WHAT THIS TASK INVOLVES: Before copying, set aside the pictures; then restate exactly the lines from the one with "English Elm Gray" through the last line of the records.

INFORMATION SHOWN:
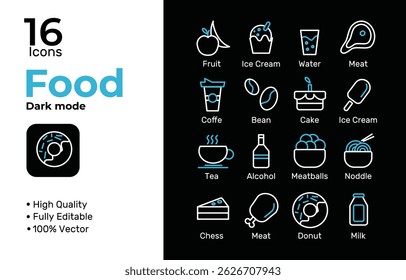 Icon Paquete set de comida en Ilustración vectorial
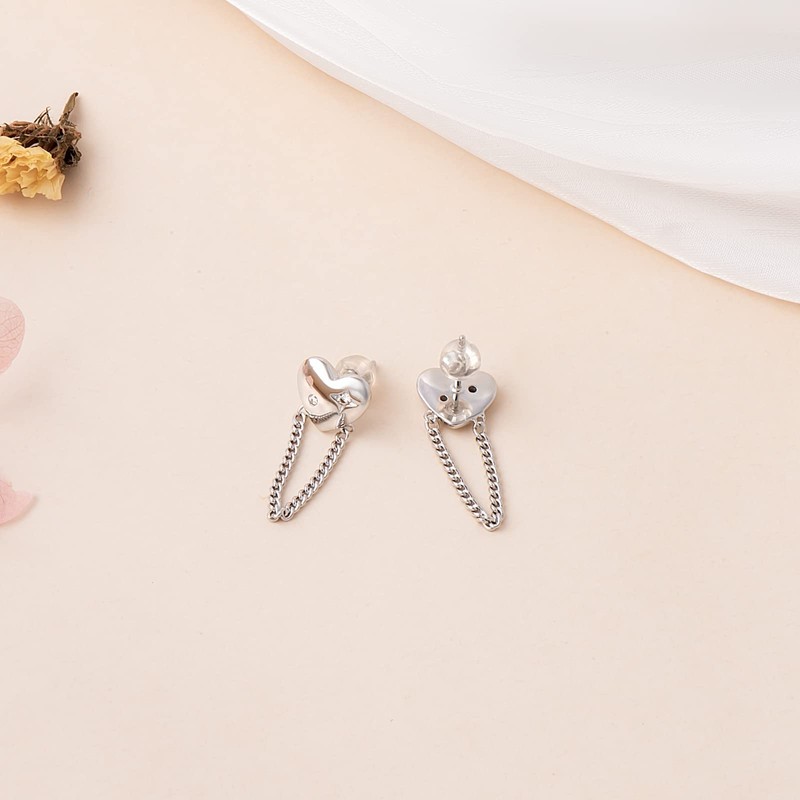 JSGEMSLEE Heart Stud Earrings for Women 925 Sterling Silver Heart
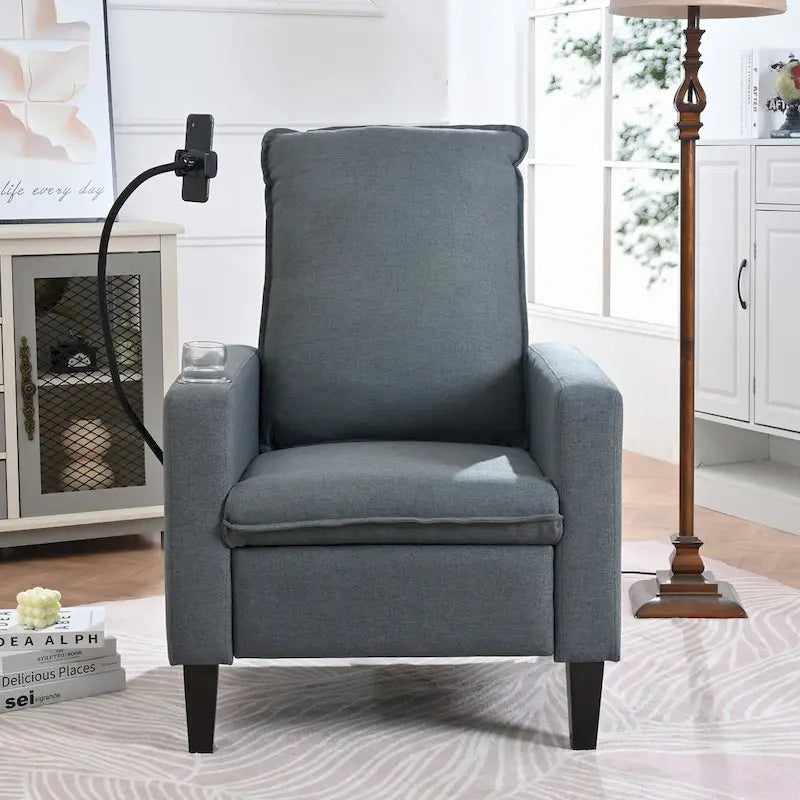 Fauteuil inclinable manuel en tissu moderne avec support de téléphone, porte-gobelet et repose-pieds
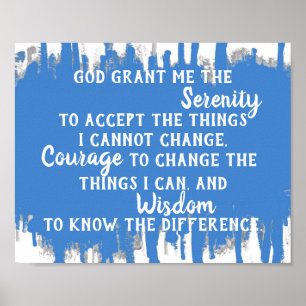 Serenity prayer, citattecken blått och vitt färgst poster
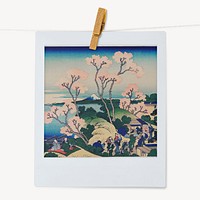 Katsushika Hokusai's famous cherry blossom painting, instant photo, remixed by rawpixel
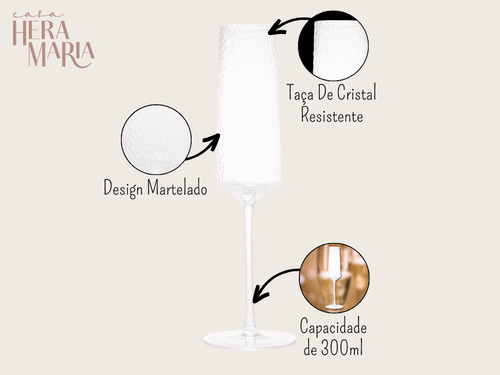Taça Champanhe Vidro Cristal Temperado Martelado Resistente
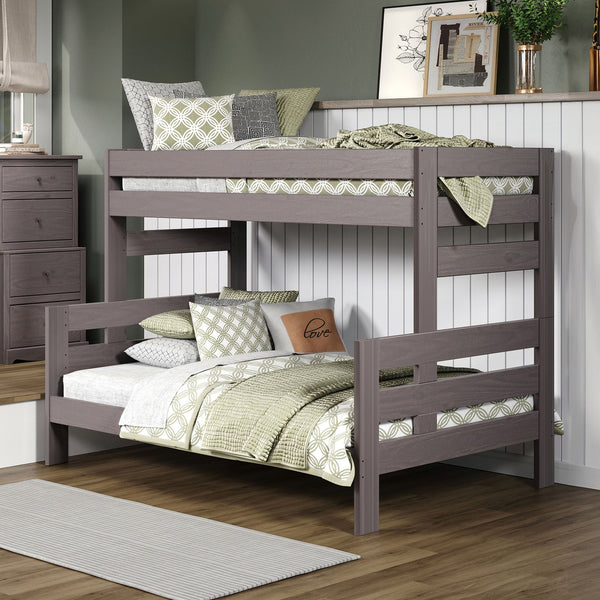 English Elm Gray Twin Bunk Bed Rustic Plank Wood Brazilian Pine Solid Wood Ladder Headboard Footboard, 78"W x 61"H Gray 43 L x 4 W x 37 H B2741S00287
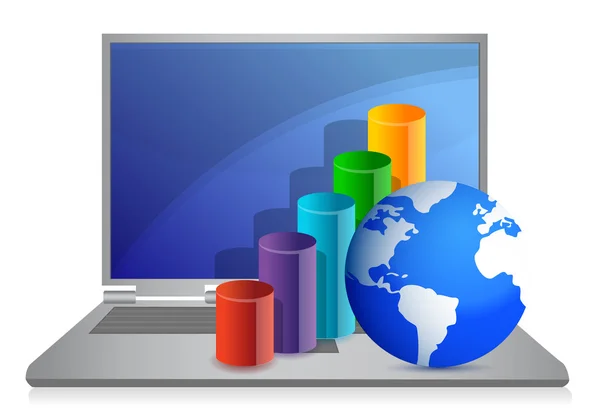 Business laptop konceptdesign illustration på vit — Stockfoto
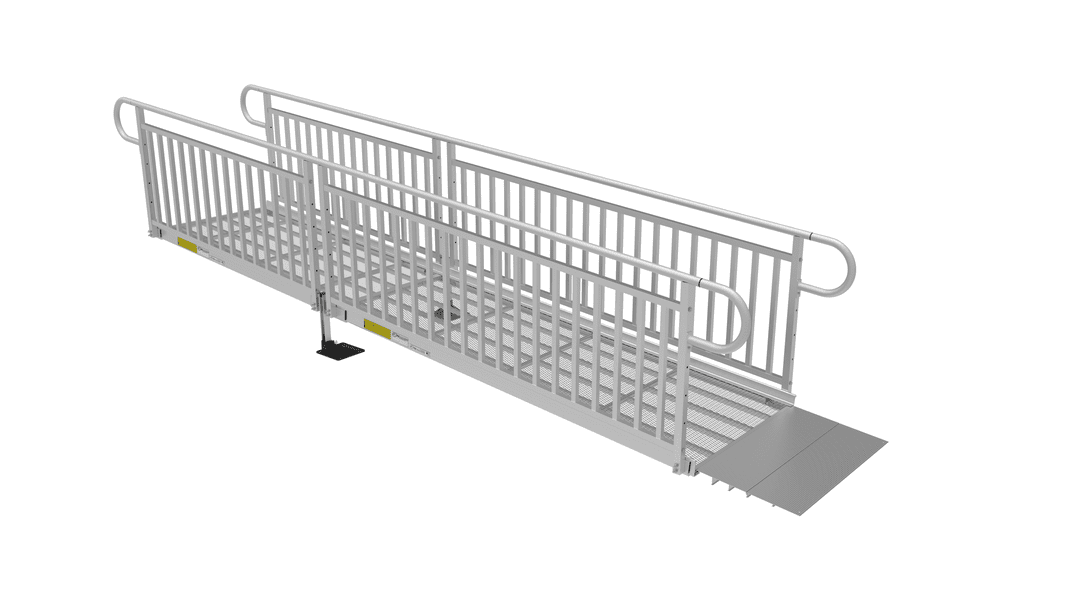 PATHWAY 3G 14 ft. Straight Aluminum Wheelchair Ramp Kit with Expanded Metal Tread, Vertical Picket Handrails and No Top Platform by EZ-Access | RampHand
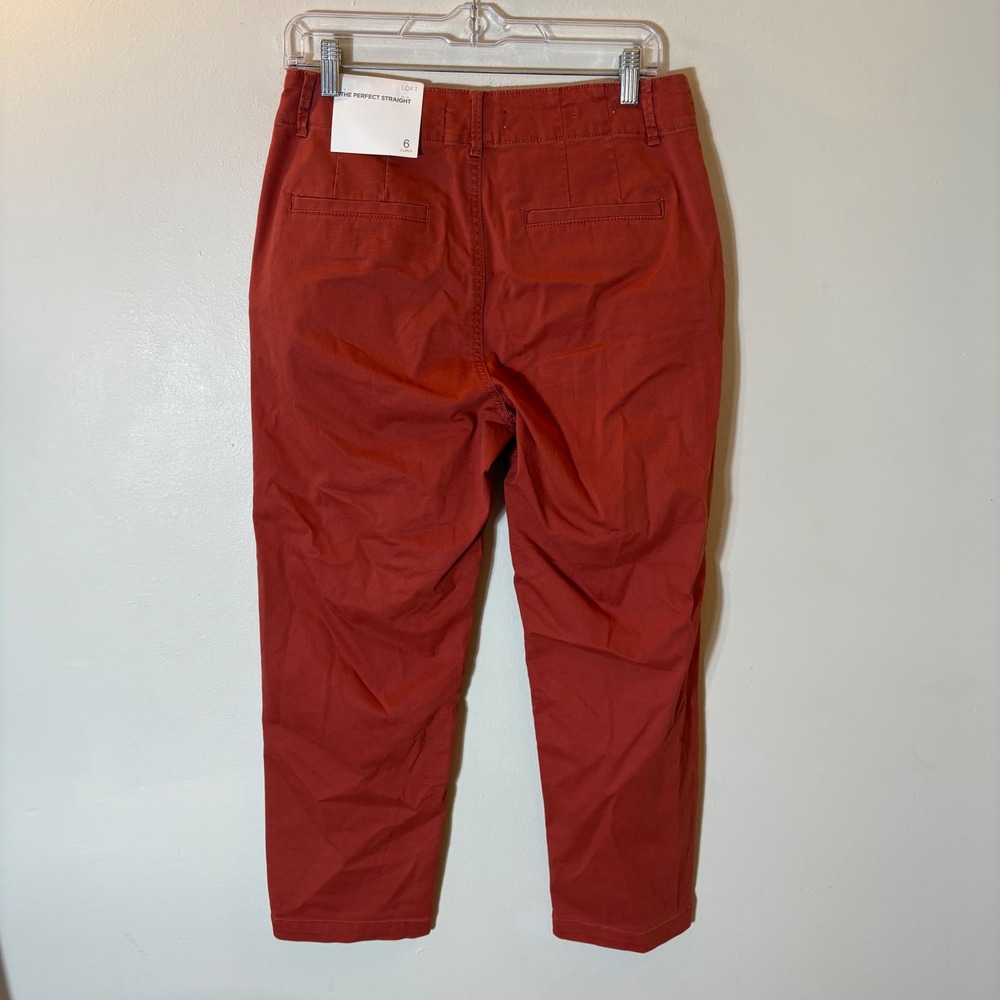 LOFT The Perfect Straight Curvy Pants Size 6 Burnt Orange Rust NWT - Picture 4 of 10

ANSWER TO THIS PROBLEM:
 English Elm Gray Twin Bunk Bed Rustic Plank Wood Brazilian Pine Solid Wood Ladder Headboard Footboard, 78"W x 61"H Gray 43 L x 4 W x 37 H B2741S00287
 Business laptop konceptdesign illustration på vit — Stockfoto
 PATHWAY 3G 14 ft. Straight Aluminum Wheelchair Ramp Kit with Expanded Metal Tread, Vertical Picket Handrails and No Top Platform by EZ-Access | RampHand
 LOFT The Perfect Straight Curvy Pants Size 6 Burnt Orange Rust NWT - Picture 4 of 10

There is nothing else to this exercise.